[Start of section]

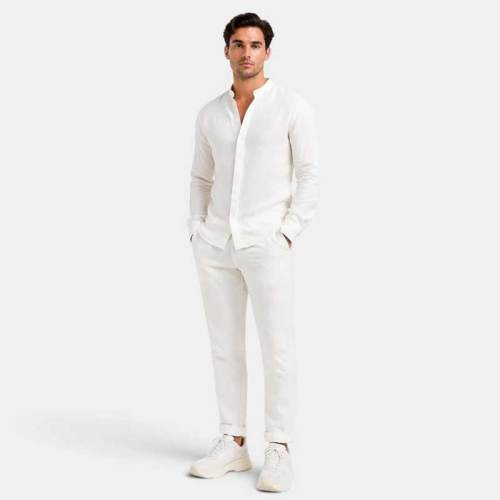 Men's White Linen Shirt and Pants Set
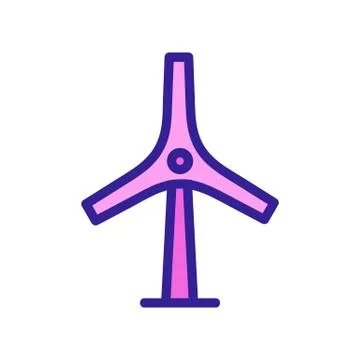 Wind generator mill icon vector. Isolated contour symbol illustration イラスト素材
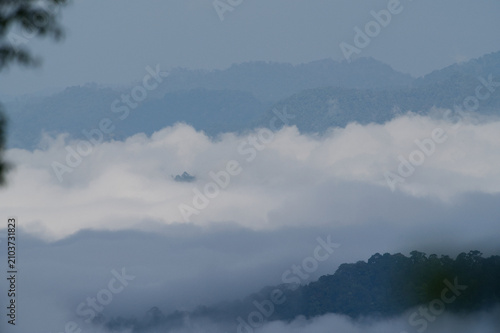 Breathtaking aerial view of misty valleys and lush green tropical rainforest mountains at dawn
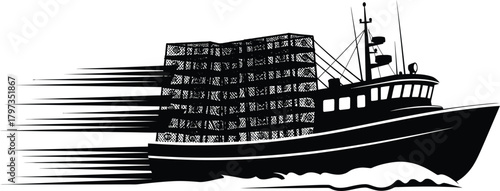 Dynamic black and white illustration of a fishing boat speeding through the water, fully loaded with crab or lobster traps, Commercial Crab & Lobster Trap Boat Silhouette
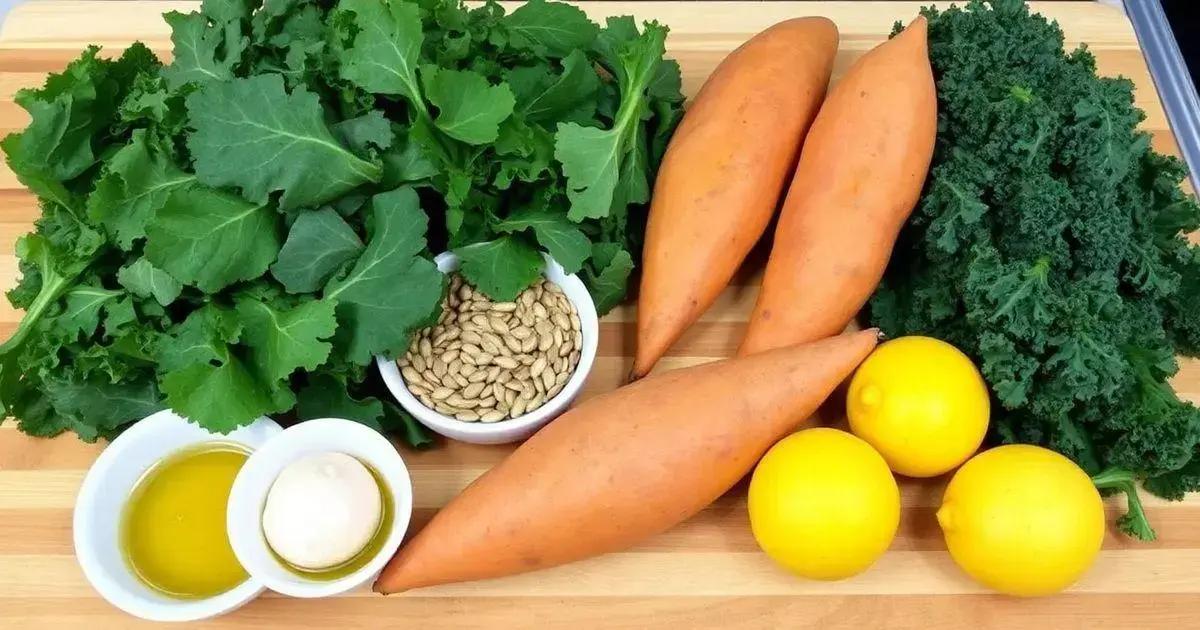 Ingredients for Roasted Sweet Potato and Kale Salad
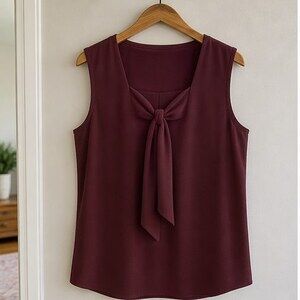 Burgundy Tie Neck Blouse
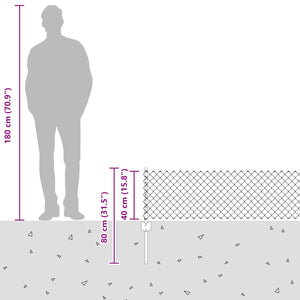 Recinzione e Posto Grigio 0,4 x 25 m Acciaio 3336273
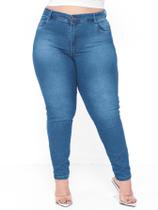 Calça Skinny Jeans Feminina modeladora Plus Size escura cintura alta lycra/elastano moda tendencia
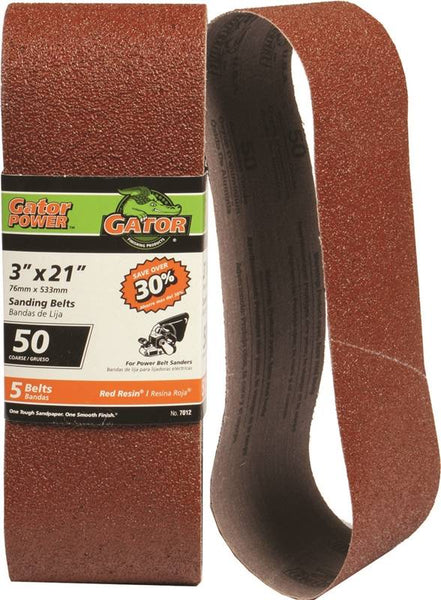 Gator 7012 Sanding Belt, 3 in W, 21 in L, 50 Grit, Coarse, Aluminum Oxide Abrasive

[End of section]

**YOUR OBJECTIVE:**
Give back the data exactly, with no images.

**OUTPUT BELOW:**
 Men's White Linen Shirt and Pants Set
 Wind generator mill icon vector. Isolated contour symbol illustration イラスト素材
 Breathtaking aerial view of misty valleys and lush green tropical rainforest mountains at dawn
 Dynamic black and white illustration of a fishing boat speeding through the water, fully loaded with crab or lobster traps, Commercial Crab & Lobster Trap Boat Silhouette
 Ingredients for Roasted Sweet Potato and Kale Salad
 Burgundy Tie Neck Blouse
 Recinzione e Posto Grigio 0,4 x 25 m Acciaio 3336273
 Calça Skinny Jeans Feminina modeladora Plus Size escura cintura alta lycra/elastano moda tendencia
 Gator 7012 Sanding Belt, 3 in W, 21 in L, 50 Grit, Coarse, Aluminum Oxide Abrasive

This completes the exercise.